June 14, 2012 to June 15, 2012: US East Region (Northern Virginia). All times listed are PDT.
•8:44 PM: Single Availability Zone in the US East Region transfers to generator power after a cable fault in the power distribution system.
•8:53 PM: A generator that had been used to manage the power failure overheated. Affected EC2 instances and EBS volumes failed over to their secondary back-up power source given the failure of the generator.
•8:57 PM: One of the circuit breakers in this secondary back-up power grid failed due to an incorrect configuration.
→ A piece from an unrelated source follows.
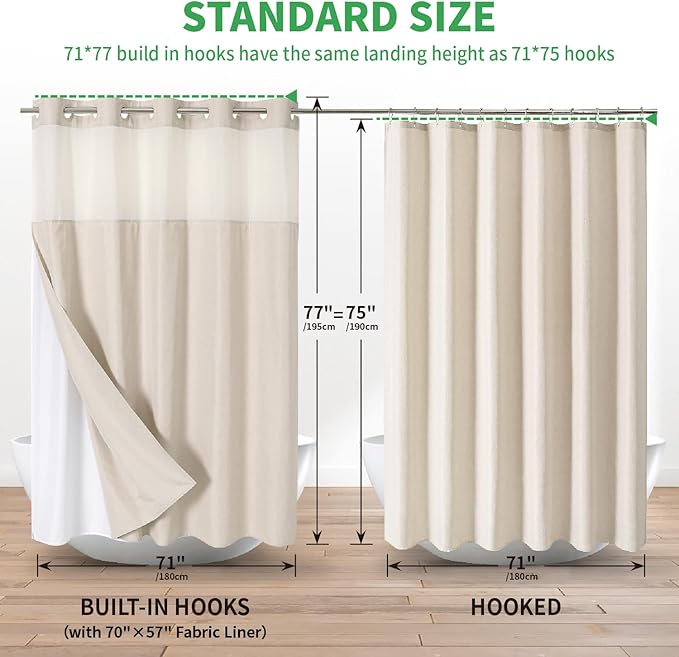 No Hooks Needed Linen Textured Shower Curtain with Snap-in Fabric Liner Set,Cream Hotel Luxury Decor Shower Curtains for Bathroom,Waterproof & Washable,71Wx77H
Affected EC2 instances and EBS volumes now had no primary, secondary or tertiary power source.
•10:19 PM: Generator was repaired and restarted.
•10:50 PM: Majority of EC2 instances and EBS volumes recovered.
•1:05 AM: 99% of all EBS volumes that were in the process of an “inflight write” were brought back in an “impaired” state that allowed customers to verify the consistency of the volume and subsequently resume using it.
Concurrent with the above:
•8:57PM until 10:40PM: Vitiated ability of customers to launch new EC2 instances backed by EBS.
Kudos once again to Amazon’s transparency although its failure to test and correctly configure its back-up power infrastructure is disappointing.